Sería el fin de mi lucha, la derrota que todos aventuraban, no, no quería hacerlo. Pero mi niña, de tan solo 12 años, me miró con esos ojos grandes y hermosos y esa mirada clara, limpia, sincera. A ella no podía decirle que no, era lo único que me quedaba. Asentí con la cabeza aun sabiendo lo que iba a ocurrir. ¿Qué podía decir de ella? Que era maravillosa, sí, por supuesto, que era inteligente, amable, cariñosa, hermosa… sí, claro que sí. Que era mi media naranja, el amor de mi vida, la mujer de mis sueños, la persona más impresionante que he conocido… Las lágrimas aparecieron para no marcharse ya. ¿Qué más podía decir? Que sin ella no era nadie, que no sabría vivir sin ella, que mi vida ya no tenía sentido… claro que sí. ¿Qué más podría decir? Que me cambiaría por ella, que ojalá hubiera sido yo el que iba en ese coche, que me sentía culpable de su muerte por no haber querido acompañarla… Sí, todo eso dije y más.
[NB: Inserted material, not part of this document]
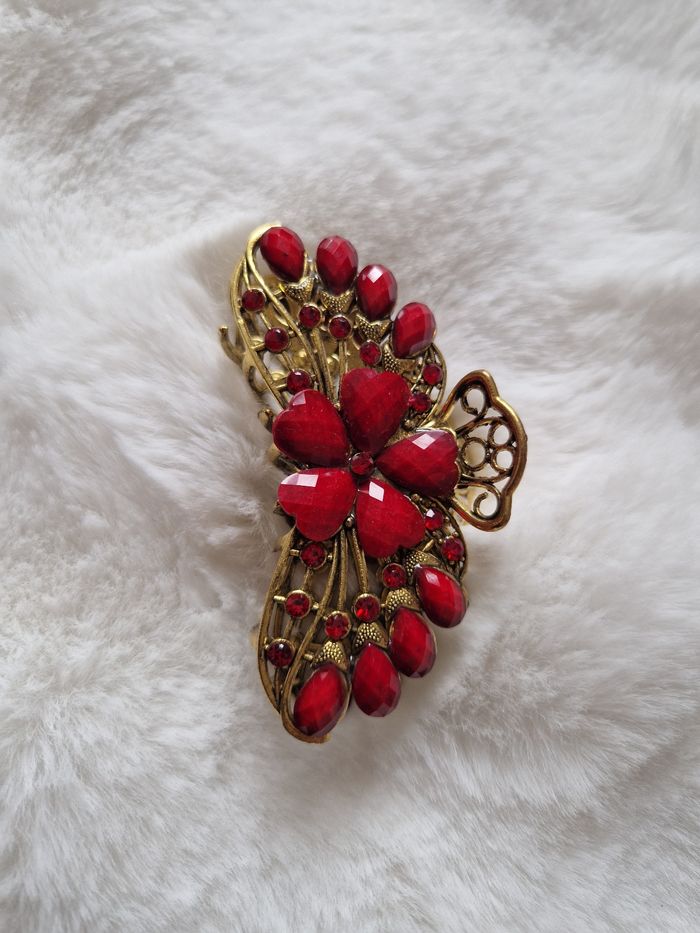 Barrette bijou vintage dorée à pierres rouges - photo numéro 2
No era justo, era demasiado buena, demasiado maravillosa, demasiado perfecta… para estar muerta. No debí decirlo en alto, no, esa palabra estaba prohibida en mi cabeza… pero lo hice y entonces mi corazón sintió tanto dolor que me caí de rodillas mientras las lágrimas corrían a mares por mis mejillas.

Sheila corrió junto a mí y me abrazó con fuerza. Juntos lloramos su falta, juntos recordamos aquellos momentos inolvidables y juntos decidimos que seguiríamos luchando. Se lo debíamos, ella nunca se hubiera rendido. No podíamos decepcionarla. Sería duro, doloroso, a veces incluso insoportable, pero lo lograríamos.